Phnom Penh Asks Residents to Pay for Local Road Repairs

City Hall has called on Phnom Penh residents to pick up half the cost of planned road improvements within their communes, municipal officials said Sunday.

Municipal Cabinet chief Mann Chhoeun said that city officials had been doing their best to beautify and develop the capital, including repairing its major arteries.

But limited funding has prevented side roads, most useful to residents, from being fixed, he said.

“People would pay more attention and have the will to take care of the roads in their commune if those roads were paid for with some of the residents’ own money,” Mann Chhoeun said.

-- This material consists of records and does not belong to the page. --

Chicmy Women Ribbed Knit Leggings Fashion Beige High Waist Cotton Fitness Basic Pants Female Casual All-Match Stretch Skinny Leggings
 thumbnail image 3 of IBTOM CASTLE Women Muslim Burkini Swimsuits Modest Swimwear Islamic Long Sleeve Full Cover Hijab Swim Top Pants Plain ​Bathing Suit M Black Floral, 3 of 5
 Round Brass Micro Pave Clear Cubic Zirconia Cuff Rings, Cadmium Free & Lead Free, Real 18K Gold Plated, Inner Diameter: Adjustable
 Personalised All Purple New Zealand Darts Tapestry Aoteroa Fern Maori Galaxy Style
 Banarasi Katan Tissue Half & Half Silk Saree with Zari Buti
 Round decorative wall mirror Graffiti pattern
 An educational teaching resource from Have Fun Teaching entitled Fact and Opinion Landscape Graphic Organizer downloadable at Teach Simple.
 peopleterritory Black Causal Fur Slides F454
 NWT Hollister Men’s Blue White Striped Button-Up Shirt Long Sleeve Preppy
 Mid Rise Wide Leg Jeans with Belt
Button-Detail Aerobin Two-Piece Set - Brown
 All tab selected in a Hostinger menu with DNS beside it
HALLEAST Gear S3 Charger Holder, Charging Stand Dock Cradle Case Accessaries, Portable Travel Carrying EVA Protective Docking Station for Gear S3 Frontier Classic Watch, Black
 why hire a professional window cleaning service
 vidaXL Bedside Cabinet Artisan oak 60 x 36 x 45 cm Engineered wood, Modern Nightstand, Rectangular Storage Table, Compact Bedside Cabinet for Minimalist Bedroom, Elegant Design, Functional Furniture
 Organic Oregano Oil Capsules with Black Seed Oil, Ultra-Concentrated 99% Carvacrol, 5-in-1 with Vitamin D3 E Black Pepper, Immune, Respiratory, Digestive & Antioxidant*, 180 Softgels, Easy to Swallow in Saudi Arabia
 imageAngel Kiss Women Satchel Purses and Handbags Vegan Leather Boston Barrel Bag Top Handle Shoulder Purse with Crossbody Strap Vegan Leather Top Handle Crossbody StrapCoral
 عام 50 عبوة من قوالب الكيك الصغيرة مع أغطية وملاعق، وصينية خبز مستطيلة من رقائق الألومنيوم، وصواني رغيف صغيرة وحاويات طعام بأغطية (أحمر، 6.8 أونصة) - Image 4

“People have been too careless and allowed big trucks to pass, which damages the roads, be­cause they thought that the roads were constructed by the state.”

Mann Chhoeun said residents will have to select committees within their communes to collect and deposit money for the roads.

But contributions will not be compulsory, he added.

“We are not going to force people to [pay] if they do not want to pay, in order to stop criticisms that the government has forced citizens into the deal,” Mann Chhoeun said.

One city hall official said Sun­day that the road-financing plan was made public over broadcast media April 6, although City Hall did not disseminate a hard copy of its appeal until last week.

Not everyone sounded clear on the plan.

Bin Lorn, chief of Boeng Tum­pun commune in Meanchey district, said Sunday that he had been asked to collect only 10 percent of the cost for road refurbishment in his commune—a request he thought reasonable.

He said he had collected 5 million riel and deposited it at the National Treasury so that City Hall would come up with the other 53 million riel to fix his commune’s roads.

“I just got the order earlier this month to ask residents to pay 10 per­cent of any road construction project,” Bin Lorn said. “It would be a difficult and complicated man­ner to collect 50 percent. Even 20 percent would be difficult to do.”

Calls made Sunday to several officials at the Municipal Depart­ment of Public Works and Trans­port­­ation, the office responsible for evaluating the costs of road repairs, went unanswered.